Weeknotes: Archiving coronavirus.data.gov.uk, custom pages and directory configuration in Datasette, photos-to-sqlite
29th April 2020
I mainly made progress on three projects this week: Datasette, photos-to-sqlite and a cleaner way of archiving data to a git repository.
Archiving coronavirus.data.gov.uk
The UK goverment have a new portal website sharing detailed Coronavirus data for regions around the country, at coronavirus.data.gov.uk.
As with everything else built in 2020, it’s a big single-page JavaScript app. Matthew Somerville investigated what it would take to build a much lighter (and faster loading) site displaying the same information by moving much of the rendering to the server.
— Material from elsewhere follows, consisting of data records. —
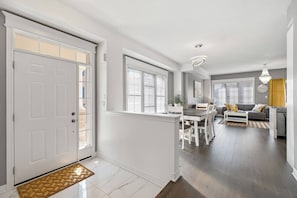 House, 3 Bedrooms, Balcony, City View | Interior - Modern House Steps From Dining, Shopping & Lakes (Aurora)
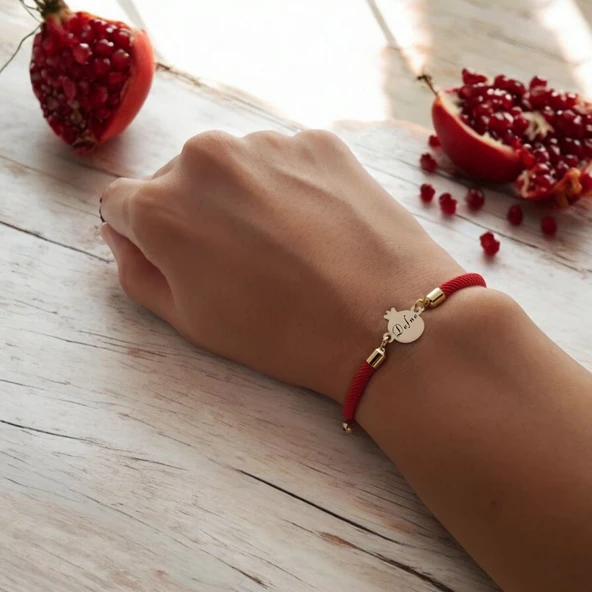 İsme Özel Nar Motifli Kırmızı Örgü İpli 14 Ayar Altın Plakalı Hediye Bileklik-323 ürün görseli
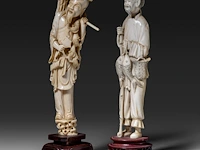 Two chinese ivory sculptures of fishermen, late qing dynasty (1850-1912), ivory h 25 cm - ivory 370g / ivory h 24 cm - total weight 477g (+) - afbeelding 2 van  8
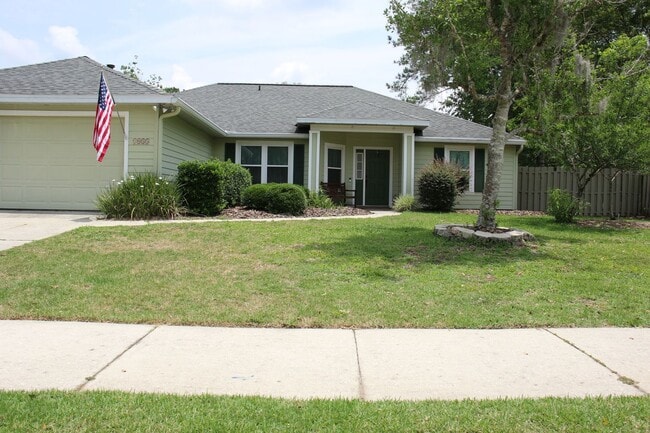 Building Photo - 3 bedroom 2 bath in Eagle Point - Sublease!! Rental
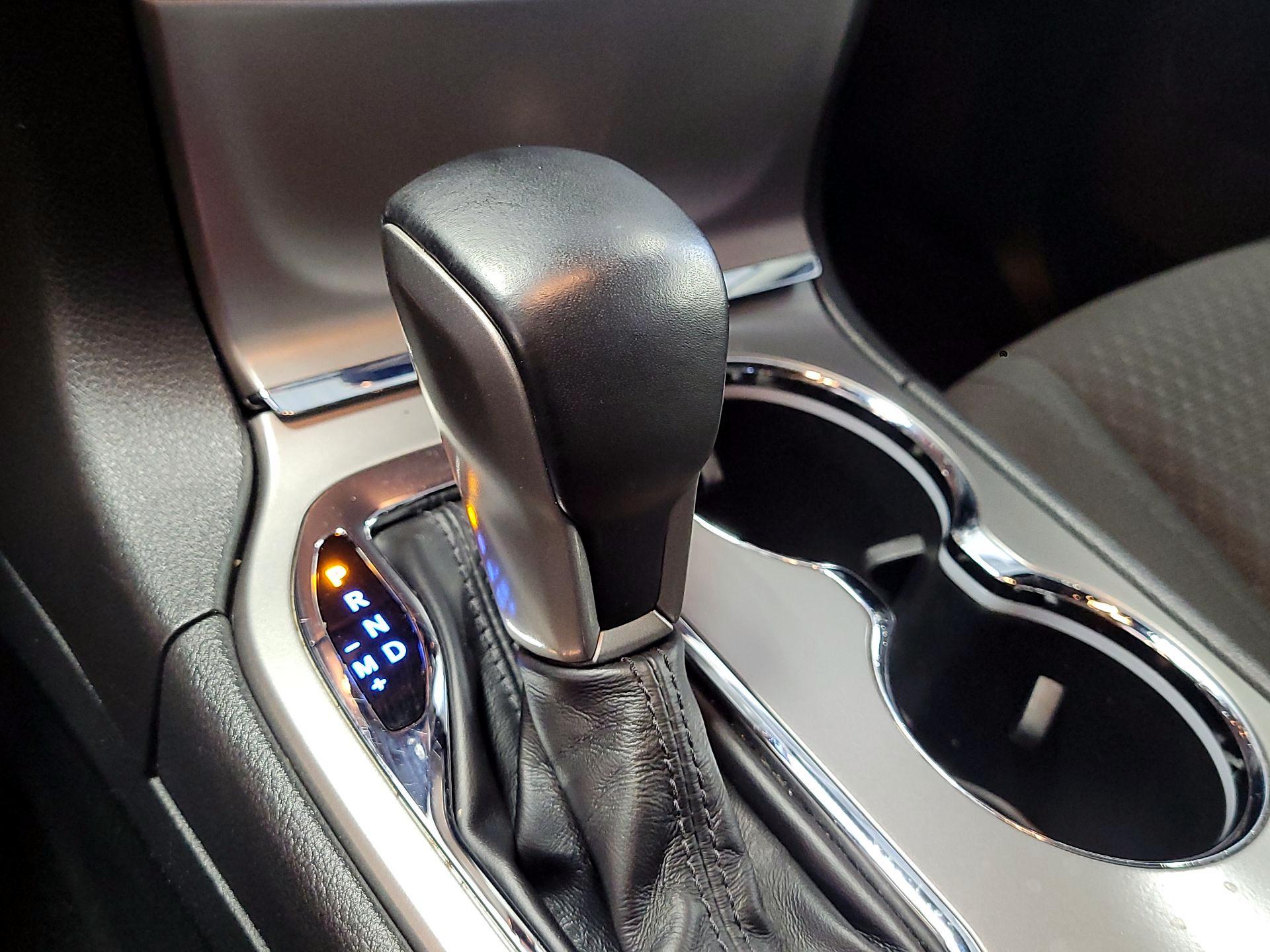 Thumbnail: 2020 Jeep Grand Cherokee - 17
One of the best things about the SPA craze is that it strongly encourages structured data to be published as JSON files. Matthew’s article inspired me to take a look, and sure enough the government figures are available in an extremely comprehensive (and 3.3MB in size) JSON file, available from https://c19downloads.azureedge.net/downloads/data/data_latest.json.
Any time I see a file like this my first questions are how often does it change—and what kind of changes are being made to it?
I’ve written about scraping to a git repository (see my new gitscraping tag) a bunch in the past:
- Scraping hurricane Irma—September 2017
- Changelogs to help understand the fires in the North Bay—October 2017
- Generating a commit log for San Francisco’s official list of trees—March 2019
- Tracking PG&E outages by scraping to a git repo—October 2019
- Deploying a data API using GitHub Actions and Cloud Run—January 2020
Now that I’ve figured out a really clean way to Commit a file if it changed in a GitHub Action knocking out new versions of this pattern is really quick.
simonw/coronavirus-data-gov-archive is my new repo that does exactly that: it periodically fetches the latest versions of the JSON data files powering that site and commits them if they have changed. The aim is to build a commit history of changes made to the underlying data.
The first implementation was extremely simple—here’s the entire action:
name: Fetch latest data
on:
push:
repository_dispatch:
schedule:
- cron: '25 * * * *'
jobs:
scheduled:
runs-on: ubuntu-latest
steps:
- name: Check out this repo
uses: actions/checkout@v2
- name: Fetch latest data
run: |-
curl https://c19downloads.azureedge.net/downloads/data/data_latest.json | jq . > data_latest.json
curl https://c19pub.azureedge.net/utlas.geojson | gunzip | jq . > utlas.geojson
curl https://c19pub.azureedge.net/countries.geojson | gunzip | jq . > countries.geojson
curl https://c19pub.azureedge.net/regions.geojson | gunzip | jq . > regions.geojson
- name: Commit and push if it changed
run: |-
git config user.name "Automated"
git config user.email "actions@users.noreply.github.com"
git add -A
timestamp=$(date -u)
git commit -m "Latest data: ${timestamp}" || exit 0
git push
It uses a combination of curl
and jq
(both available in the default worker environment) to pull down the data and pretty-print it (better for readable diffs), then commits the result.
Matthew Somerville pointed out that inefficient polling sets a bad precedent. Here I’m hitting azureedge.net
, the Azure CDN, so that didn’t particularly worry me—but since I want this pattern to be used widely it’s good to provide a best-practice example.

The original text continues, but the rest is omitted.